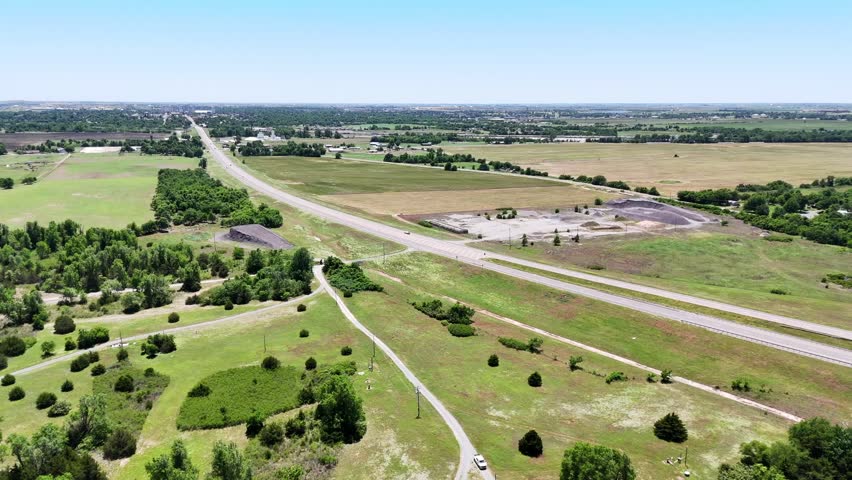Aerial landscape of old bridge and plains sunny summer day old Route 66 El Reno Oklahoma OK USA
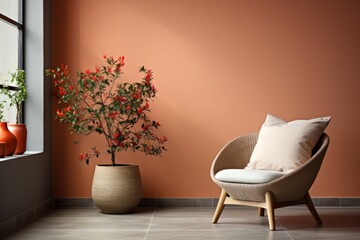 Coral Lounge Chair, Vibrant Potted Plant, Minimalist Home Interior Design, Ample Copy Space, Relaxation, and Modern Living in Harmonious Ambiance - Serene Modern Living Room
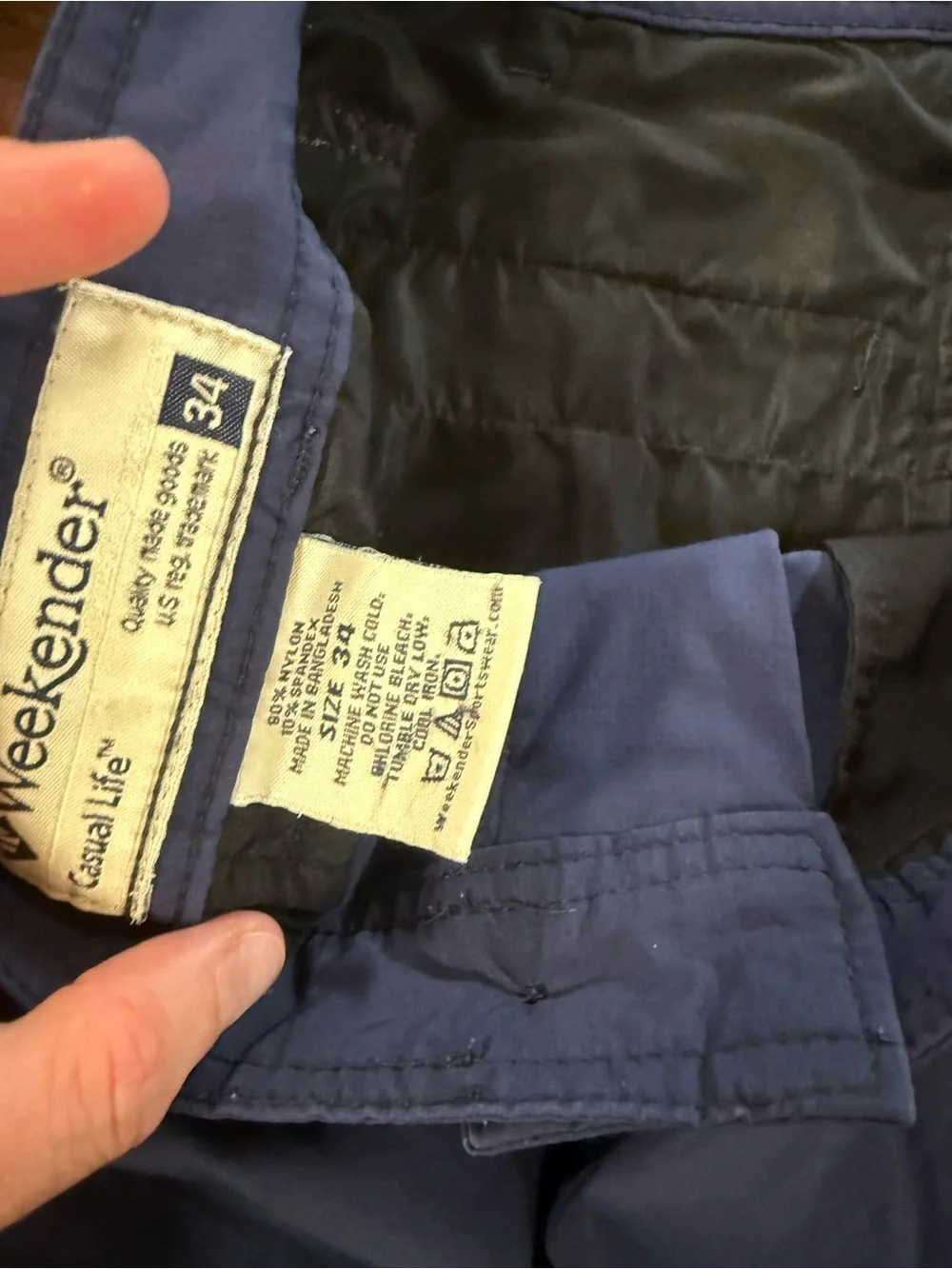 Weekenders Navy Cargo Shorts with Zipper Pocket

→ Activity:
Output the listing above in full and exactly, with pictures excluded.

→ Result of this task:
Aerial landscape of old bridge and plains sunny summer day old Route 66 El Reno Oklahoma OK USA
 Coral Lounge Chair, Vibrant Potted Plant, Minimalist Home Interior Design, Ample Copy Space, Relaxation, and Modern Living in Harmonious Ambiance - Serene Modern Living Room
 Weekenders Navy Cargo Shorts with Zipper Pocket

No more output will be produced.